Blogging isn't just blogging any more. When it kicked off over a decade ago, you only had a handful of options for publishing your thoughts online and managing the complex worlds of the associated web hosting, while organising your images and video and more was a complex, time consuming and often expensive task.
But that's all history.
Nowadays you can smash together a blog in seconds, using one of today's modern, simpler, personal publishing tools, that supply you with all the space, templates and tools needed to express yourself to your audience, whether that audience consists of 25,000 daily readers or just your mum.
The GALAXY Note II's generous screen and S Pen also let you handle more complex design tasks, meaning you can get your personal "online brand identity" sorted and updated without even having to leave bed.
Here's what you need to get your blog on in style.
If you've plumped for Wordpress as the backend for your blog, there's an excellent Android app designed specifically to update it from a mobile phone.
You can upload images, specify default sizes, edit the positions and more, plus once something's live it even lets you filter and approve comments within the app, making it easy to navigate through and bin the endless stream of spam comments that clog up most Wordpress blogs these days.
Google's old Blogger portal was how a lot of people first cut their teeth and fingers on the personal blogging circuit, and the tool has survived in the form of a very useful Android app.
It imports all your old Blogger accounts, then offers a full and straightforward way to update your blog from phone. It integrates with Android's sharing menu too, so simply opening a photo in the Gallery and sharing it via the Blogger app is enough to automatically embed it in a new post that's ready for uploading.
If you want to actually work on designing the look your blog yourself, you should get a professional image-editing tool on your Note II. Adobe's Photoshop series has long been the favoured picture manipulation option of the professional photography and design crowd, and yes, there's an Android version.
Called Photoshop Touch, this lets you work on layered documents on your mobile, supporting Adobe's cloud service for syncing mobile and desktop versions of files -- letting you seamlessly switch from working on your PC to fiddling about with graphics on your phone.
For an easier way to edit your Note II's images prior to chucking them up on a blog, try Little Photo. It's a simple, free app that adds a variety of filters to your shots.
Unlike rivals like Instagram, it doesn't try to get you to upload photos to its own service -- you just save them to your phone's memory and are free to share them in any of Android's usual ways. Effects can be layered and multiplied, too, creating some wildly odd results.
If you are ready to take it to the NEXT LEVEL, there's this. Justin.tv is a personal video broadcaster, letting you use your smartphone as a miniature recording studio so you can video blog, live, from your phone.
All you need is a bit of Blu-tak to hold your phone up, then the world's your potential audience. Videos are streamed via the web, so anyone with a PC or Mac can enjoy whatever you're rambling into your phone's camera, leaving comments beside it in a continually updating stream. It is one for the brave.
One of the more recent blogging portals is Tumblr, which makes collating words, text, pictures and videos amazingly simple. The Android app lets users share anything from their phone's memory to their personal Tumblr page, complete with an easily accessible Home screen widget for the ultimate in impulsive, one-press blogging action.

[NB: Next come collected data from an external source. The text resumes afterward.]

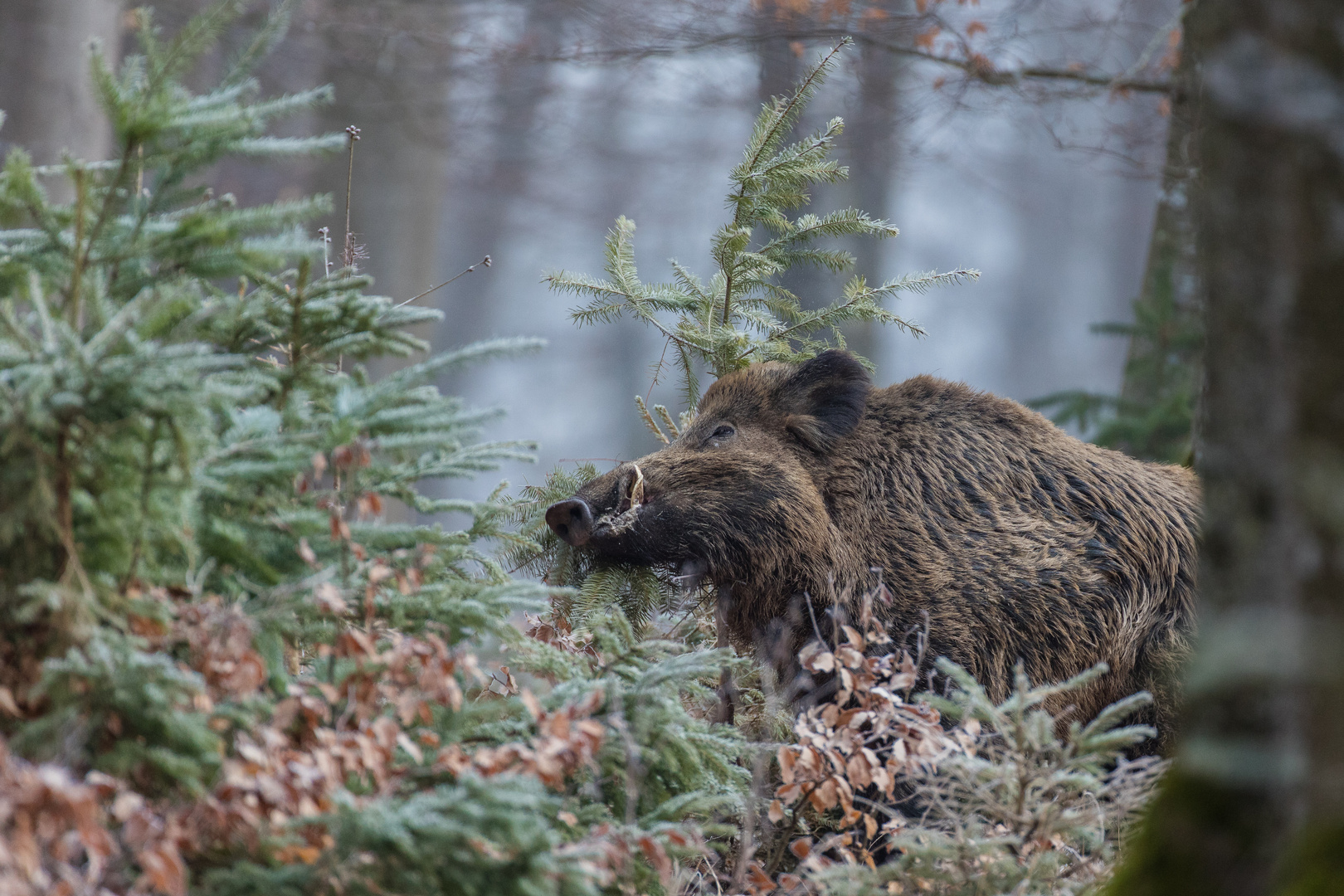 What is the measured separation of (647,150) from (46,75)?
55.8ft

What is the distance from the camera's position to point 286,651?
114 inches

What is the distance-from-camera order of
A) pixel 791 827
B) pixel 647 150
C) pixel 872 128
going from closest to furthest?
pixel 791 827
pixel 872 128
pixel 647 150

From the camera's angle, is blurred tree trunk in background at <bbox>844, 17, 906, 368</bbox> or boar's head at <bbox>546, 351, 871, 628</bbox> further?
blurred tree trunk in background at <bbox>844, 17, 906, 368</bbox>

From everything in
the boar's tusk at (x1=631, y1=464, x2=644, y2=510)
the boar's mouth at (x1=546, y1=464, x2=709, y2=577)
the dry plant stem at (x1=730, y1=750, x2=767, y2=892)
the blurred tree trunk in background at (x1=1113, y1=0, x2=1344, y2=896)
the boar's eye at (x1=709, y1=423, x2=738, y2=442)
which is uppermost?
the blurred tree trunk in background at (x1=1113, y1=0, x2=1344, y2=896)

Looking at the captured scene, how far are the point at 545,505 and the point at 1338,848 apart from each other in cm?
330

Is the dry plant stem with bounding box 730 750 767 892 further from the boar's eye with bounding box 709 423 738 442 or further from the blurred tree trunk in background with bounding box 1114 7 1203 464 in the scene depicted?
the blurred tree trunk in background with bounding box 1114 7 1203 464

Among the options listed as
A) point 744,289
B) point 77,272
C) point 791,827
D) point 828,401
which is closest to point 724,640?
point 791,827

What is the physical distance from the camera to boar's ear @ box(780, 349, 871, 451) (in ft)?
14.1

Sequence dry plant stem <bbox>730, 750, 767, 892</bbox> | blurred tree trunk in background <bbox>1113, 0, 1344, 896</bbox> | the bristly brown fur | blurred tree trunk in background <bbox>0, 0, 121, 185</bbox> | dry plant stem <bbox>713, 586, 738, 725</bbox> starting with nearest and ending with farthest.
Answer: blurred tree trunk in background <bbox>1113, 0, 1344, 896</bbox>
dry plant stem <bbox>730, 750, 767, 892</bbox>
the bristly brown fur
dry plant stem <bbox>713, 586, 738, 725</bbox>
blurred tree trunk in background <bbox>0, 0, 121, 185</bbox>

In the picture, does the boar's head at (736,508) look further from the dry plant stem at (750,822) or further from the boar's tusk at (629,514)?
the dry plant stem at (750,822)

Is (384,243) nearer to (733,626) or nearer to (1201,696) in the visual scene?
(733,626)

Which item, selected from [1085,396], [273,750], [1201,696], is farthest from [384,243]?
[1201,696]

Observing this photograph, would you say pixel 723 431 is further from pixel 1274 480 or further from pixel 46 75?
pixel 46 75

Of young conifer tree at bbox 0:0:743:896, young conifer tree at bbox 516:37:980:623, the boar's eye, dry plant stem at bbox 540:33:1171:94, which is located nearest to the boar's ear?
the boar's eye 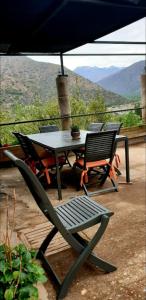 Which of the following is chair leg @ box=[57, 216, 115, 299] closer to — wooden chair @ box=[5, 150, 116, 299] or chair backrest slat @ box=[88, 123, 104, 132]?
wooden chair @ box=[5, 150, 116, 299]

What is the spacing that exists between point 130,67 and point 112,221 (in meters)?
38.7

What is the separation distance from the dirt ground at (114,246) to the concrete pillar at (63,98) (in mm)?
2756

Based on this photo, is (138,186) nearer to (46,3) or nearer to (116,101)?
(46,3)

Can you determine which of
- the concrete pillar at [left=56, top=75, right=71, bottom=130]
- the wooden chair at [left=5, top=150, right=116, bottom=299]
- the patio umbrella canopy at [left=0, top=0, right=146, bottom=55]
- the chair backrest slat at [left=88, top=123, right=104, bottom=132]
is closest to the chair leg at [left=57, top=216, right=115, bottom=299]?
the wooden chair at [left=5, top=150, right=116, bottom=299]

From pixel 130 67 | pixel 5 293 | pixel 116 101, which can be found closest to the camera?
pixel 5 293

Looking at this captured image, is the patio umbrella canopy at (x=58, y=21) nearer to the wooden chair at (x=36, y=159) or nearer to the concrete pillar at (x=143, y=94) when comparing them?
the wooden chair at (x=36, y=159)

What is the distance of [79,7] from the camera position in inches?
176

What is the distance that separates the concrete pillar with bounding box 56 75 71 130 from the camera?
7.05 meters

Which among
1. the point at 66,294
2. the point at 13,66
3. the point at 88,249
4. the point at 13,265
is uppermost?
the point at 13,66

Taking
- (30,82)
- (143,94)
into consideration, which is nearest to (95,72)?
(30,82)

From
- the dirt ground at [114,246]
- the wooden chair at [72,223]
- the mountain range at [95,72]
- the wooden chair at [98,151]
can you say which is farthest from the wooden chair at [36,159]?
the mountain range at [95,72]

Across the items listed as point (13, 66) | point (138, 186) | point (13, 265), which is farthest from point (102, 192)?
point (13, 66)

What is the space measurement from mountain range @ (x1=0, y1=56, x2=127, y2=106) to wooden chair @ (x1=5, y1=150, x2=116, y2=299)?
725 inches

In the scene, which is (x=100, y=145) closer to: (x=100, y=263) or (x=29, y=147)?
(x=29, y=147) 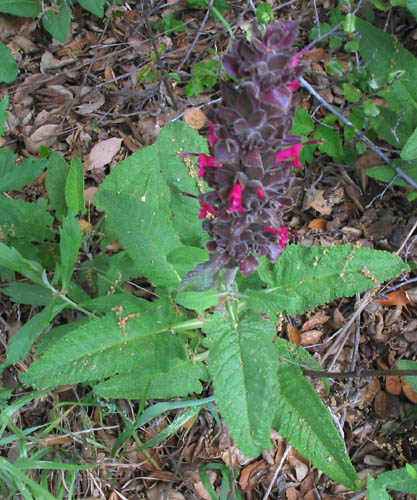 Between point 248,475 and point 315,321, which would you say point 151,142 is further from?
point 248,475

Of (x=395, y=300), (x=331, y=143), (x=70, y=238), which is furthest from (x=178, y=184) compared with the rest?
(x=395, y=300)

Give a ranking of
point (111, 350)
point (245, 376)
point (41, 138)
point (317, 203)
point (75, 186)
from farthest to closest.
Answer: point (41, 138) → point (317, 203) → point (75, 186) → point (111, 350) → point (245, 376)

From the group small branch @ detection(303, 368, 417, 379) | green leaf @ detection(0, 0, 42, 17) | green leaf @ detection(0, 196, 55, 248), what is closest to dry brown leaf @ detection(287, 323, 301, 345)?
small branch @ detection(303, 368, 417, 379)

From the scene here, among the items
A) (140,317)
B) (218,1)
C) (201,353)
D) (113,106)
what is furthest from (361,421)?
(218,1)

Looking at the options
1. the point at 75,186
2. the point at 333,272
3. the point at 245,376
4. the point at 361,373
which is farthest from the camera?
the point at 75,186

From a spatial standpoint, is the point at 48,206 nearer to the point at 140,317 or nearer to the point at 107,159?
the point at 107,159

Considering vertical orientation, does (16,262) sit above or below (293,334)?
above

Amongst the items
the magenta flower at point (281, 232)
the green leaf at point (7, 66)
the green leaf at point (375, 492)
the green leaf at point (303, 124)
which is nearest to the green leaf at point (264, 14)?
the green leaf at point (303, 124)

You don't even need to add your own words, making it an ideal way to clip images, videos and short pieces of text for your own personal amusement.
If you need to get into some sort of magical quiet space in order to churn out your best SEO ready content, try Writer.

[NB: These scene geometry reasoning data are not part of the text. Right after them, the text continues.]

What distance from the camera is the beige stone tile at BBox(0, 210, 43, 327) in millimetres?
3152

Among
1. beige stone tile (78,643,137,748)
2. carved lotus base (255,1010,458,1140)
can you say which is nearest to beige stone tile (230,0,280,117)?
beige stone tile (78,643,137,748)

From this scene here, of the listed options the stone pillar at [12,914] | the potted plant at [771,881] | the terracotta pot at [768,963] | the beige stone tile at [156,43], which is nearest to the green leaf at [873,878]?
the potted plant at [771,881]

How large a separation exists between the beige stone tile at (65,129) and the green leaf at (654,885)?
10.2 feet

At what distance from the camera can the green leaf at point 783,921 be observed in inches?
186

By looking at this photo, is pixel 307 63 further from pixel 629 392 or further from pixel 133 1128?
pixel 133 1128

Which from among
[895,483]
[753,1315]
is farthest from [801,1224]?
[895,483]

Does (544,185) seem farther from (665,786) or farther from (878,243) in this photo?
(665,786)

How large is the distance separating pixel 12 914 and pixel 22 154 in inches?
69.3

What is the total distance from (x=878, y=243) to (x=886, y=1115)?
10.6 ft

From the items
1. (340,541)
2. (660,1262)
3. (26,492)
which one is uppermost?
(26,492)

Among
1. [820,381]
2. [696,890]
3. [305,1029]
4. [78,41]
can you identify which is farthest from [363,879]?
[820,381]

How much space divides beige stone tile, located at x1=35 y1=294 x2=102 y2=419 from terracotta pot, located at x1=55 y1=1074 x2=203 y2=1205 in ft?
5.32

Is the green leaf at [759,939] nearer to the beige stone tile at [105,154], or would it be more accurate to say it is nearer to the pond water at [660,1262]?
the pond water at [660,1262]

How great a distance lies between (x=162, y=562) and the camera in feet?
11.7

It's a simple mobile word processor that ditches most of the options that usually clutter up the more professional old word processing tools, for a clean, crisp layout that emphasises only the very, very important and meaningful things you want to say on the internet. It's a minimalist thing for people who consider writing an art, rather than a painful chore to be endured.
If your idea of blogging is simply to churn out as much content in as little time as possible, SwiftKey will help meet today's word count target.

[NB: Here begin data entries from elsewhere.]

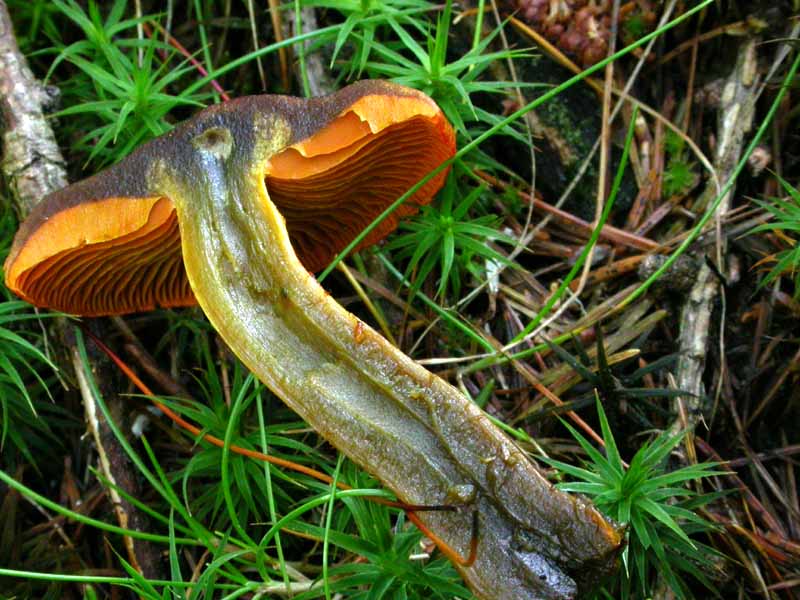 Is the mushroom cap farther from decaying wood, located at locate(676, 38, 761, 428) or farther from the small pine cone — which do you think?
decaying wood, located at locate(676, 38, 761, 428)

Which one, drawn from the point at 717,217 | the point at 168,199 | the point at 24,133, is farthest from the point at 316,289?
the point at 717,217

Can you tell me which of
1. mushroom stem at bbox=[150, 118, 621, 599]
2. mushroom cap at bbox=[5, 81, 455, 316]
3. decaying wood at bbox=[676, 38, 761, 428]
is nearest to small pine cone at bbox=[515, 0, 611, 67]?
decaying wood at bbox=[676, 38, 761, 428]

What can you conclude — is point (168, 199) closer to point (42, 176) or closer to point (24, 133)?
point (42, 176)

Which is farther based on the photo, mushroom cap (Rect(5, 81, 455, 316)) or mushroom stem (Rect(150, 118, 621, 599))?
mushroom cap (Rect(5, 81, 455, 316))

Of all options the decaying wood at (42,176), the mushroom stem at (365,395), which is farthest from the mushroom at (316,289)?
the decaying wood at (42,176)

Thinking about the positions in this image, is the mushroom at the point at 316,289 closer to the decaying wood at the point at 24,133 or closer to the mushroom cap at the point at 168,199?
the mushroom cap at the point at 168,199

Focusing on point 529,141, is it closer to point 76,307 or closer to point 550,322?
point 550,322

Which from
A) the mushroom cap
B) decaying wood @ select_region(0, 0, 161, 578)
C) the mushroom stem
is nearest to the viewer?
the mushroom stem

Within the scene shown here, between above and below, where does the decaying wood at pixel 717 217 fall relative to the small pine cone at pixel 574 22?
below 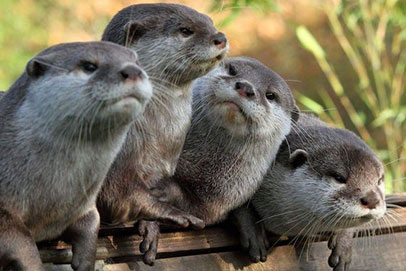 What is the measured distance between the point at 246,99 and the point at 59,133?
921mm

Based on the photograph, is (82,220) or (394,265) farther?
(394,265)

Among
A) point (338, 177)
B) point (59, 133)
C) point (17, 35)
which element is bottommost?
point (17, 35)

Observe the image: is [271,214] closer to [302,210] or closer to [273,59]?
[302,210]

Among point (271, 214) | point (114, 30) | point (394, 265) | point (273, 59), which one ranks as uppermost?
point (114, 30)

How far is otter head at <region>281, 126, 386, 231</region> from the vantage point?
3211mm

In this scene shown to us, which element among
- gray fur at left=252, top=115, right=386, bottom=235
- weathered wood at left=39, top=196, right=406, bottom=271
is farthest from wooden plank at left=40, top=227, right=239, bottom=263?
gray fur at left=252, top=115, right=386, bottom=235

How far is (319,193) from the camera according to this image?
3305mm

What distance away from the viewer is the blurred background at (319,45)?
532cm

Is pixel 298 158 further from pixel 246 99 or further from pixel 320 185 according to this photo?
pixel 246 99

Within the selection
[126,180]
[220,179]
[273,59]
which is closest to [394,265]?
[220,179]

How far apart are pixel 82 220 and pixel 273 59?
763 centimetres

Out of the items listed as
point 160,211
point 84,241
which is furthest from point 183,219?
point 84,241

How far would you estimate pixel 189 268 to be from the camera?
10.4 ft

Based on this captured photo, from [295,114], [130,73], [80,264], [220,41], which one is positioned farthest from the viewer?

It analyses your writing style by reading through your existing SMS messages, social network posts and even any RSS feeds you may have populated with older content, creating a database that can be used to predict the next word you're about to type. It also uses gesture input, letting bloggers write without lifting a finger by simply drawing on the screen. It'll boost productivity by at least 17.4 percent.
Pocket's a great app for saving and managing little snippets and articles you want to blog about at some point in the future.
The clever thing here is the way it syncs your content between phone and desktop, so anything you've saved to the app during your working day will automatically be there on your phone ready for blogging up and linking to later. It's also a gorgeous app that's a great little mobile reading choice on its own, too.
Of course, there's not much fun in blogging if you don't know if anyone's actually reading your words or not. Which is why you might want to get Google's ultra-nerdy Analytics working on your phone, and instantly open up an enormous world of technical analysis for any site you've added to its database.
The Android app is as fully featured as the desktop site, giving you visitor counts, page referral stats, pretty little charts and more, all helping boost morale and make it all seem... worthwhile.